What I instead encountered was a cheap action flick, with a bit of a mystery, some high stakes, but with far less of the world building and thematic denseness that the show managed to bring to the screen.
The writing is good, modern, and so very contemporary, but it is not elegant. the crude first person vocabulary of the protagonist distills a sense of ruthlessness, and perhaps makes it more difficult to relate to the world in which he navigates.
Meanwhile, in the show, we are somewhat detached from the protagonist, which allows us to see in more depth how the world around them works instead of observing a one dimensional narrative. This is sorely missed, where in the book: a dark alley in a dodgy part of town is an opportunity to show off physical prowess in combat is a boastful beat em up, while in the observed cinematic format, it is a scene that instead shows the observers, the npcs, and builds more… welll, lore.
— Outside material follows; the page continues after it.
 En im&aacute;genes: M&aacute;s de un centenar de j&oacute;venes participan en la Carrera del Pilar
I am not saying that this is a bad book, merely that I appreciated the world building of the show a lot more than the one dimensional perspective offered by the novel. I did, after all, get through the whole thing, but I didn’t get any of the usual sense of awe and amazement that I normally can get from science fiction.
Instead, this was just an action flick, in book form, set in a cyberpunk future where death, at least for the wealthy, doesn’t mean very much.
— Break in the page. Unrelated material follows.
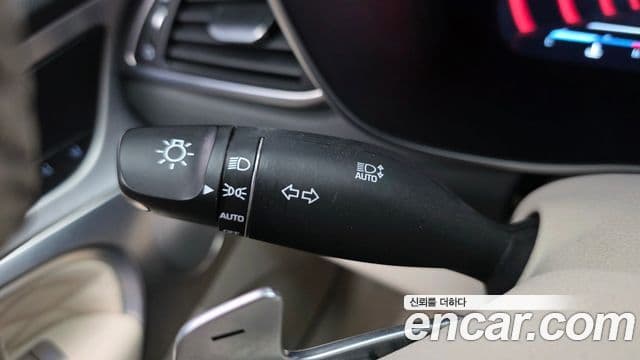 Genesis G70 2018 — Photo 23/35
And that’s where investigating a murder on behalf of the man who was murdered … at least allegedly doesn’t really hold a sense of jeopardy in the same way in which the show takes it to another level,
For you see, in the world of altered carbon, someone’s personality can be downloaded into a new sleeve, slang for a host body, via an advanced microchip inserted in the back of their head. As a result, unless that chip is destroyed, death is merely an inconvenience and a simple respawn.
If that infrastructure was to be compromised…well that is where the book could get very interesting.I do. to plan on reading the sequels, but i might revisit the show. it was very good.